На него с ужасом в заплывших глазках и на лице взирала хозяйка дома — мать. Она стояла на втором этаже, на балконе и, при каждом падении его, всплескивала руками и взвизгивала:
— Лева! Боже мой, Боже мой! Что ты от меня хочешь?!.. Осторожно!.. Осторожно, тебе говорят!
Лева, потирая ушибленные бок, нос или скулу, сердито отвечал:
— Чего вы кричите, мамаша?
— Как чего я кричу?! Разбойник! Только вчера надел новые брюки. 13 рублей заплатила за них. Ты хочешь разорвать их? Что ты думаешь, что я — мильонщица?.. Осторожно, чтоб тебя холера забрала! Лучше бы ты здох прежде, чем ты родился!.. Симон! Симон!.. Ой, я уже не могу говорить. Я уже растроена!.. Скажи ему, Симон, чтоб он перестал кататься.
На балкон вылез из комнаты Симон, круглый, как мяч, весь лысый, в белой сорочке, с отвислым животом и турецкими туфлями на босу ногу. Это был супруг хозяйки и папаша упрямого юноши.
Симон перевесился через балкон, придал своей физиономии свирепое выражение и внушительно сказал сыну:
— Подожди… Вот я сойду вниз. Я тебе покажу, как портить новые брюки. Перестань, говорят. Ты!.. Потерянный человек, кадет, карманщик.
— Вы сами, папаша, хороший карманщик, — ответил спокойно сын, не переставая кататься.
Симон побагровел, повернул голову к супруге и спросил:
— А?.. Ты слышишь?
— Слышу, — ответила со вздохом мамаша.
— Это ты все виновата.
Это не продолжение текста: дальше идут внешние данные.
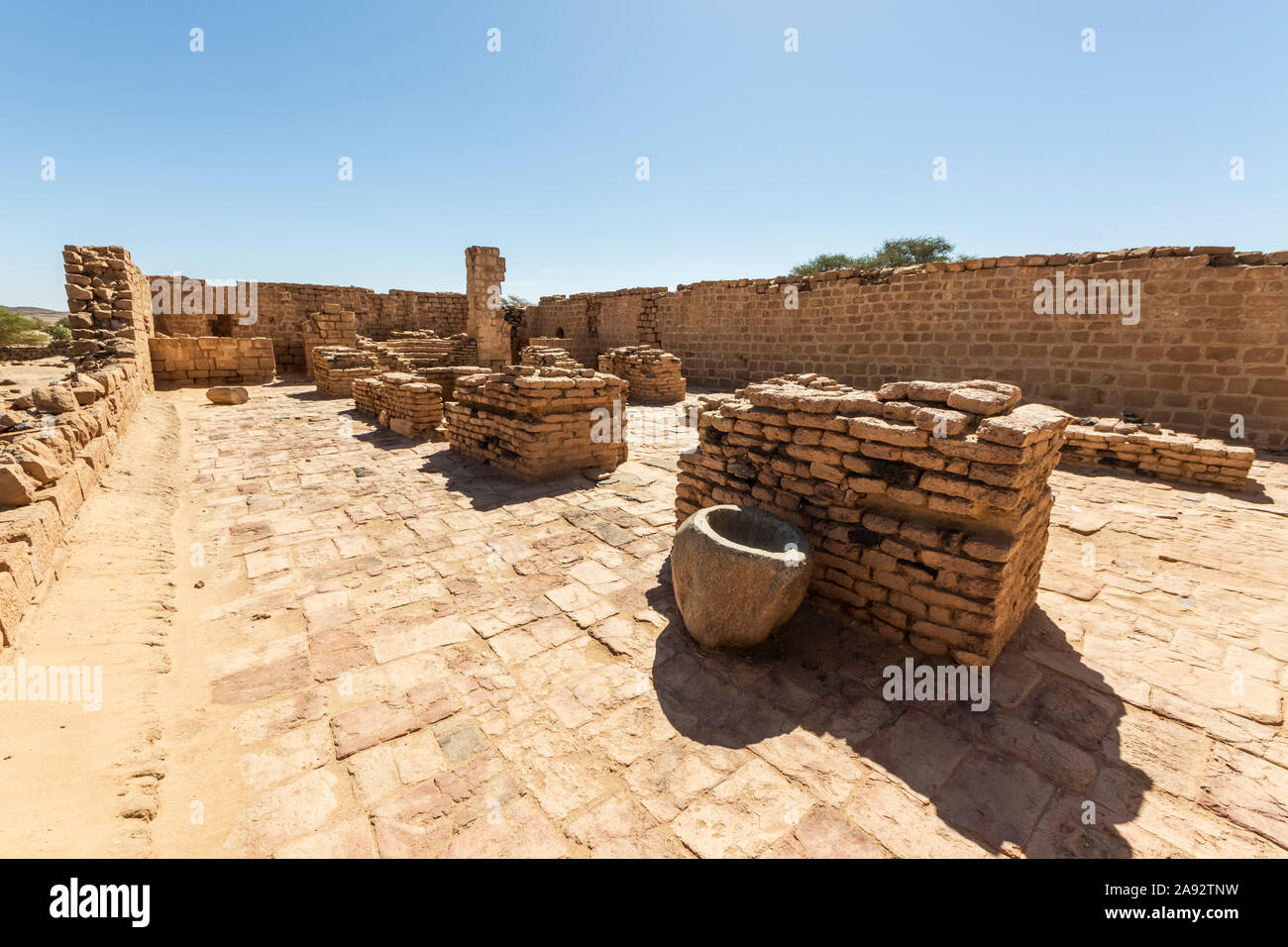 Rovine del monastero cristiano medievale, al Ghazali; Sudan Foto Stock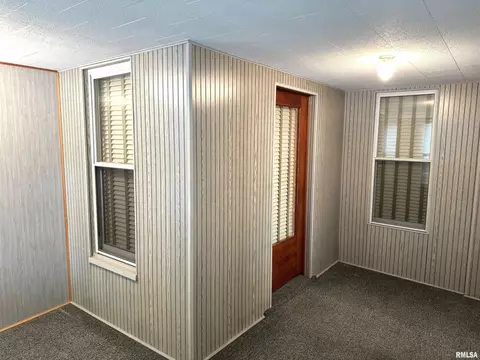 28 W Maple St, Canton, IL 61520 photo 6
Ты его так разбаловала. Где палка?
— Около дивана, в спальне.
Симон пошел искать палку.
Сценку эту наблюдали из окон две девицы в одних сорочках, с распущенными волосами, и прачка с высоко подоткнутой юбкой. Прачка стояла в дверях прачечной, откуда плыли густые облака пара.
Все покатывались со смеху.
Одна девица громко передразнивала хозяйку:
— Лева, осторожно! Ты разорвешь брюки.
Надя также не могла удержаться от смеха и ждала, что будет дальше.
Вот вышел на балкон Симон с толстой суковатой палкой и стал тяжело спускаться, как слон, вниз по деревянной лестнице.
— Вот я тебе покажу, — пыхтел он…
Кто-то постучал вдруг в комнату и Надя отскочила от окна.
— Можно? — спросил за дверьми робкий голос, душимый сильным кашлем.
— Можно, — ответила Надя.
Дверь открылась, и в комнату вошла та самая девушка, которую хозяйка пилила в присутствии Нади. На девушке, как прежде, была нижняя красная фланелевая юбка с черным рисунком и незастегнутая кофточка, показывавшая ее вдавленную грудь.
Надя обрадовалась ее приходу. В памяти ее еще свежо было приятное впечатление, произведенное на нее этой девушкой.
Девушка посмотрела на Надю своими большими, черными, грустными глазами и, кашляя и задыхаясь, спросила:
— Вы заняты?
— Нет, — ответила Надя и ласково улыбнулась ей.
— Спасибо.
Девушка посмотрела вокруг и спросила:
— Можно сесть?
— Конечно… пожалуйста.
Девушка села на краешку сундука возле туалетного столика и сильно закашлялась. Она кашляла теперь так, что вся фигура ее трепалась, как старый парус.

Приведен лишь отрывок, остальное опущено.